THE POST-WAR WORLD
A PLEA FOR ROUMANIA

D. Dem. Dimancescu
Oxford, 1941


Published by D. Dem. Dimancescu Cheniston, Littlewick Green, Berks.

Printed in Great Britain at the Shakespeare Head Press St Aldates Oxford




NOTE

THE pages which follow appeared in The New Times & Ethiopia News (3, Charteris Road, Woodford Green, Essex), the first part on September 20th, as a reply to Professor A. Berriedale Keith's suggestions for the Post-War World, published in the same Weekly, on August 30th, and the second part as a reply to his answer of October 18th, 1941.





THE POST-WAR WORLD

I.

A REPLY TO PROFESSOR A. BERRIEDALE KEITH'S SUGGESTIONS

IN attempting to challenge some of Professor A. Berriedale Keith's suggestions for the terms of peace, which might set this world of ours on a better foundation, I am handicapped by a sense of great humility.

The Professor writes with the authority of scholastic eminence. His biographical notes in "Who's Who" fill almost two columns and reveal him as an expert on many subjects. That he has the interests of the British Empire at heart is proved, not only by the books he has written, but also by his suggestions, which include the proposal that Britain alone should assume "in perpetuity" the control of the Suez Canal.

I do not hold this suggestion against Professor Berriedale Keith; on the contrary, I will use it as the cue to my reply.

Being a very humble Roumanian with no great achievements to my credit, I can offer but one excuse for my temerity: an inborn sense of duty to fight for my nation's right to live within its just, national boundaries. Like any other Roumanian, I have in my blood the atavistic memory of centuries of struggle to survive. That is why I cannot let pass unchallenged Professor Berriedale Keith's suggestions concerning my unfortunate country.

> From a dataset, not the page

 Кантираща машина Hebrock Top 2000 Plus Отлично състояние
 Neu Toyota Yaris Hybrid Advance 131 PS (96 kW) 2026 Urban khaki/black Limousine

I may be wrong, but the prima facie evidence (and this appears also from his book, "The Causes of the War") would lead one to believe that South Eastern Europe has not been an object of Professor Keith's scholarly scrutiny. Otherwise he would not have written that "Roumania must surrender Bessarabia, and her boundaries with Hungary and Bulgaria be re-adjusted." I prefer to believe that theProfessor has fallen victim to the insidious propaganda with which England has been flooded for the last twenty years, than that he has come to this conclusion after a careful study of an ethnographical map of Central and South Eastern Europe.

On what grounds are Professor Berriedale Keith's suggestions concerning Roumania based?

I have not been able to find in his peace aims fixed basic principles. He appears to have likes and dislikes. He is generous and understanding with some nations, ruthless with others. When it comes to the life-line of the British Empire, the Suez Canal, he has a special "perpetuity" yardstick. He complains of the "dangerous wideness of phraseology" of the Atlantic Charter, yet his own suggestions are ambiguous and inconsistent. He rightly advocates the return of Czechoslovakia's "essential boundaries," but denies such boundaries to Roumania. Referring to Germany's satellite States, he suggests the resignation of their respective puppet governments, but does not say how they should be replaced in the countries which have no alternative governments abroad. For France he would allow free elections, as a special favour, though he considers the spirit of the French Nation "unsound." For the Russo-Polish border, he offers a choice of friendly consultation, arbitration, or a plebiscite. To Italy he grants an ethnic adjustment of her boundary with Jugoslavia. He further suggests that Russia should be given in Finland a military protective boundary, and in Manchuria a frontier adjustment which will safeguard her from "dishonourable attack."

I have ventured into the proposals concerning other countries solely in search of an explanation of Professor Berriedale Keith's suggestions regarding Roumania. For what special reasons are we Roumanians denied an "essential" boundary which is recognized as a necessity for other countries? "Why should not we also be permitted a military protective boundary, such as that suggested for Russia's frontier with Finland? Why should not we be privileged, like Italy, by an ethnic boundary? Why are we not offered at least the possibility of friendly consultations, arbitration (Hitler's Vienna Diktat still wounds Roumania's heart) or even a plebiscite?

Professor Berriedale Keith, who at one time complained of the British Government's decision to withhold from publication the papers on the negotations with Russia, would have done well to read Mr. Hugh Dalton's very valuable book, "Hitler's War." He would there have discovered that Russia, in good pace, once offered to guarantee Roumania's frontiers, including Bessarabia.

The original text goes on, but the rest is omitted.